Work instructions — Copy nothing but the lines below running from the line containing "Used 2024 Volkswagen" through the line containing "Estação ferroviária de", both end lines included.

Records —
━━━━━━━━━━
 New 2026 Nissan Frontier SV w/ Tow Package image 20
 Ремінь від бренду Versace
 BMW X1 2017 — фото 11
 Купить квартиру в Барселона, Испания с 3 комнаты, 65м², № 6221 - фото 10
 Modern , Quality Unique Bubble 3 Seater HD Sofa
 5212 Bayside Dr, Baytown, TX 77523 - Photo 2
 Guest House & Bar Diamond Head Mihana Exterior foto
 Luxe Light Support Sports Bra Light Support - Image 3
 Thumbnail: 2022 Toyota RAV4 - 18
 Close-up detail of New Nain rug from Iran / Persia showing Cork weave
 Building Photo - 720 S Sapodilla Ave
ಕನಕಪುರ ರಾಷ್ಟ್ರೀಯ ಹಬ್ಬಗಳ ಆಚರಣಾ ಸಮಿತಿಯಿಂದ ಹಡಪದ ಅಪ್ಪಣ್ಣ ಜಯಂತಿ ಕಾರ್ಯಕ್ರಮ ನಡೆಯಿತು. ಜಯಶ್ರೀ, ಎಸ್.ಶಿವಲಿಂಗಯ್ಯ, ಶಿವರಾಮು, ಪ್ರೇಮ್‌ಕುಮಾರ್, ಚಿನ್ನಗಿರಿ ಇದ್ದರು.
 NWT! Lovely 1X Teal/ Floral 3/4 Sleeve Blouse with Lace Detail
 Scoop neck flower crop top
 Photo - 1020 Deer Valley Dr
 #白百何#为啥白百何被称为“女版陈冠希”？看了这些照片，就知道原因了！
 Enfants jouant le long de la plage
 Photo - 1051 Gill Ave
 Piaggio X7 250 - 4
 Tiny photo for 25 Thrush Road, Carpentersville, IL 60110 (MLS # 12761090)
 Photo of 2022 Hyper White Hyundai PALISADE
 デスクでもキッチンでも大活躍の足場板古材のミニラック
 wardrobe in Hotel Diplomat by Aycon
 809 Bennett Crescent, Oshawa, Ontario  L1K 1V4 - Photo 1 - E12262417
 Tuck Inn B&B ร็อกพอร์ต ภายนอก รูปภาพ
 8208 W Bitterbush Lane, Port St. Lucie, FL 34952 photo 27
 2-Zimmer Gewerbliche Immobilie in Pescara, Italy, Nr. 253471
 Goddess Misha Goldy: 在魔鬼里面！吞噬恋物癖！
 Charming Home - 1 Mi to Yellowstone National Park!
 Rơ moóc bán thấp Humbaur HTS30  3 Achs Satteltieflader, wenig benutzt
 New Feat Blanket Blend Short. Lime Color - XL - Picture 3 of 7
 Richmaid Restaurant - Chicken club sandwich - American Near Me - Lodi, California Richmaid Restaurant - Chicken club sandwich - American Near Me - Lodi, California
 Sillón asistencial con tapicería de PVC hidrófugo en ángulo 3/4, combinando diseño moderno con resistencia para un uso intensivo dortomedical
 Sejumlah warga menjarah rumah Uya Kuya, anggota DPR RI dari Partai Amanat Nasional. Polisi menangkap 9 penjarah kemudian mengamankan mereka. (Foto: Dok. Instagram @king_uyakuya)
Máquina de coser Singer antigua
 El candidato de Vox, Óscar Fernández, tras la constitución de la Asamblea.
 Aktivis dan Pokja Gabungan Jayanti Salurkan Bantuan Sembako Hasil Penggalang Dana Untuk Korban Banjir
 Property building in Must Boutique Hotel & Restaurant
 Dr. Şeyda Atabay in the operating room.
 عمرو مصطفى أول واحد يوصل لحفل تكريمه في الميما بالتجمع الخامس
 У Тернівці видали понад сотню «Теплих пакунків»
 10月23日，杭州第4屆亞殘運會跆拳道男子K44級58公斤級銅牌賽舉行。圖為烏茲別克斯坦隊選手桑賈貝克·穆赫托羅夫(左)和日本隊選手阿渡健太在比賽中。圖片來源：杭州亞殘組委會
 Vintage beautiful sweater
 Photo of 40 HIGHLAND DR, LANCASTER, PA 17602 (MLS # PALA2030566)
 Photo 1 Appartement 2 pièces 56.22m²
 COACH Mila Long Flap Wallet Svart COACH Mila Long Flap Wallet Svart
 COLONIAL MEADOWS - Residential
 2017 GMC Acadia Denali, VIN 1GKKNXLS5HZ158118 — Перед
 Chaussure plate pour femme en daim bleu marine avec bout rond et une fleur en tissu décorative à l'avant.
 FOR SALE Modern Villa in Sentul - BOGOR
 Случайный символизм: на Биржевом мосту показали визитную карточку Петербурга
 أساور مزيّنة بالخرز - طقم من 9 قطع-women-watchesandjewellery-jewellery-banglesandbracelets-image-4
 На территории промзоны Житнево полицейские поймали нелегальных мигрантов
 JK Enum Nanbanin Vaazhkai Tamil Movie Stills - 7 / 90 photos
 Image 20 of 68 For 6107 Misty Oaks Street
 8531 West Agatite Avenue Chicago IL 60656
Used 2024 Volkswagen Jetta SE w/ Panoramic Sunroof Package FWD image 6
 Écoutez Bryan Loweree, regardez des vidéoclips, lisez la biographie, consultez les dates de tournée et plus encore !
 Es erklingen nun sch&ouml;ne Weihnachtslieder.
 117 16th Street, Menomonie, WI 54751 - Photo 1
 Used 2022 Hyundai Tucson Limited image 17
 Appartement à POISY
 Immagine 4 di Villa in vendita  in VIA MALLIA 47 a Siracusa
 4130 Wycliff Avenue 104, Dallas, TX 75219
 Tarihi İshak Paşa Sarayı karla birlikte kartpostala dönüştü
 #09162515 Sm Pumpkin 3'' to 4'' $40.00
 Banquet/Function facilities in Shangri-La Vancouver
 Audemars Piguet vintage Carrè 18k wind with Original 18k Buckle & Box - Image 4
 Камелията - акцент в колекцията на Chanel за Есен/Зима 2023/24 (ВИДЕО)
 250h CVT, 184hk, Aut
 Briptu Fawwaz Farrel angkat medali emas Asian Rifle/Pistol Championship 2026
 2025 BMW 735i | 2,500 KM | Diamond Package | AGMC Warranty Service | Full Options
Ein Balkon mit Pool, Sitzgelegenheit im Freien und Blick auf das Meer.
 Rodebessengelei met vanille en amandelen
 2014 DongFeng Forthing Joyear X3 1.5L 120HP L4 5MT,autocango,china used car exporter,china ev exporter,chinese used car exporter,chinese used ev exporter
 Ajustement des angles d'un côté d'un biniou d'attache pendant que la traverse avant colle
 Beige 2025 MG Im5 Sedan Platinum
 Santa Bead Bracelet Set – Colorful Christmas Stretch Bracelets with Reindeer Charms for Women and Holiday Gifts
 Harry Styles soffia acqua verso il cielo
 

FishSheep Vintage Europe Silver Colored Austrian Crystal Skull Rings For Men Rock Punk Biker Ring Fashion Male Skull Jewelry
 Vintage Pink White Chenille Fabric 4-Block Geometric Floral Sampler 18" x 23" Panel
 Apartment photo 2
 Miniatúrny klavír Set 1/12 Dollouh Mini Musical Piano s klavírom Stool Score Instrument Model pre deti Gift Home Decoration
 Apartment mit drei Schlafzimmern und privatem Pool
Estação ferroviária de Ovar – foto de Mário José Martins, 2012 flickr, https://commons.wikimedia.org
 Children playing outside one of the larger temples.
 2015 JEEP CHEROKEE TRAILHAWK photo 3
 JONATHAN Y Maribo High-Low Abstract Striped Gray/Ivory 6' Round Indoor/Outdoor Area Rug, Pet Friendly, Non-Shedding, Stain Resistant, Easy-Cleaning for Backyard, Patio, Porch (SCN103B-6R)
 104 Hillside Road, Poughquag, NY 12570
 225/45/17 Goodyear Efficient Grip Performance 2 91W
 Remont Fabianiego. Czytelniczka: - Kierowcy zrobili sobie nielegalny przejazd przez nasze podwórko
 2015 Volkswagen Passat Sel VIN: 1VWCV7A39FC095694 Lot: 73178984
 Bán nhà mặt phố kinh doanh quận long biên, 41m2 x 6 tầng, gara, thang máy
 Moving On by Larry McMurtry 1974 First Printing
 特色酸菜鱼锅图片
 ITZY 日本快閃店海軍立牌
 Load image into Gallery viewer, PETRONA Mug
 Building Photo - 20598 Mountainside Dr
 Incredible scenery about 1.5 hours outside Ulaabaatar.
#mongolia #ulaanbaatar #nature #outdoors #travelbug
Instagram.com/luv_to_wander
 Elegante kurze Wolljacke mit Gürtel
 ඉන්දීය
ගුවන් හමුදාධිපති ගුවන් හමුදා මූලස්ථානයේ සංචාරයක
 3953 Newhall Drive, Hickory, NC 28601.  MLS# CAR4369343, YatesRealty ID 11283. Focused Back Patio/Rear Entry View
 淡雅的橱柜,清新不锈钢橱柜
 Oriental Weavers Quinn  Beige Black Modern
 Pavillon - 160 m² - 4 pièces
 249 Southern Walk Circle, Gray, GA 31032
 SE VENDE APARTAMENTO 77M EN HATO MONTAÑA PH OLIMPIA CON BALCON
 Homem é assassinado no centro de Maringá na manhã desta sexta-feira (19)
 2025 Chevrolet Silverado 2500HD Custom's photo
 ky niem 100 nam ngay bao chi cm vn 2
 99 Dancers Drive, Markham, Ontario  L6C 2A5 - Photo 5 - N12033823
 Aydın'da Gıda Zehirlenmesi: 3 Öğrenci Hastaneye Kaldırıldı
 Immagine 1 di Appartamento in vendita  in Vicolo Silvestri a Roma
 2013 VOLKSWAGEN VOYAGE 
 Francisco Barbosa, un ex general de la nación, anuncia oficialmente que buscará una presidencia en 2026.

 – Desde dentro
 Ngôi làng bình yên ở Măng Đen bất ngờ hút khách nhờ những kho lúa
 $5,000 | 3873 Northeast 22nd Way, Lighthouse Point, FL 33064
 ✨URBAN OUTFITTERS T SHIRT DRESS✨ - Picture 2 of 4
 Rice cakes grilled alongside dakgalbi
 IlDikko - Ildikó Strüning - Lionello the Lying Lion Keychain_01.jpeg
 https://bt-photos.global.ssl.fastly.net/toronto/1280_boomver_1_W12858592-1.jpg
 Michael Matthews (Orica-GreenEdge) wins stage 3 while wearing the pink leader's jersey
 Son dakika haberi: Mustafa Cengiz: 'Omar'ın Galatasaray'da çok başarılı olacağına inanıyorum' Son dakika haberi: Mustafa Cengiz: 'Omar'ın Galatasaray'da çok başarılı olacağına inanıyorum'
━━━━━━━━━━
Result below —
Used 2024 Volkswagen Jetta SE w/ Panoramic Sunroof Package FWD image 6
 Écoutez Bryan Loweree, regardez des vidéoclips, lisez la biographie, consultez les dates de tournée et plus encore !
 Es erklingen nun sch&ouml;ne Weihnachtslieder.
 117 16th Street, Menomonie, WI 54751 - Photo 1
 Used 2022 Hyundai Tucson Limited image 17
 Appartement à POISY
 Immagine 4 di Villa in vendita  in VIA MALLIA 47 a Siracusa
 4130 Wycliff Avenue 104, Dallas, TX 75219
 Tarihi İshak Paşa Sarayı karla birlikte kartpostala dönüştü
 #09162515 Sm Pumpkin 3'' to 4'' $40.00
 Banquet/Function facilities in Shangri-La Vancouver
 Audemars Piguet vintage Carrè 18k wind with Original 18k Buckle & Box - Image 4
 Камелията - акцент в колекцията на Chanel за Есен/Зима 2023/24 (ВИДЕО)
 250h CVT, 184hk, Aut
 Briptu Fawwaz Farrel angkat medali emas Asian Rifle/Pistol Championship 2026
 2025 BMW 735i | 2,500 KM | Diamond Package | AGMC Warranty Service | Full Options
Ein Balkon mit Pool, Sitzgelegenheit im Freien und Blick auf das Meer.
 Rodebessengelei met vanille en amandelen
 2014 DongFeng Forthing Joyear X3 1.5L 120HP L4 5MT,autocango,china used car exporter,china ev exporter,chinese used car exporter,chinese used ev exporter
 Ajustement des angles d'un côté d'un biniou d'attache pendant que la traverse avant colle
 Beige 2025 MG Im5 Sedan Platinum
 Santa Bead Bracelet Set – Colorful Christmas Stretch Bracelets with Reindeer Charms for Women and Holiday Gifts
 Harry Styles soffia acqua verso il cielo
 

FishSheep Vintage Europe Silver Colored Austrian Crystal Skull Rings For Men Rock Punk Biker Ring Fashion Male Skull Jewelry
 Vintage Pink White Chenille Fabric 4-Block Geometric Floral Sampler 18" x 23" Panel
 Apartment photo 2
 Miniatúrny klavír Set 1/12 Dollouh Mini Musical Piano s klavírom Stool Score Instrument Model pre deti Gift Home Decoration
 Apartment mit drei Schlafzimmern und privatem Pool
Estação ferroviária de Ovar – foto de Mário José Martins, 2012 flickr, https://commons.wikimedia.org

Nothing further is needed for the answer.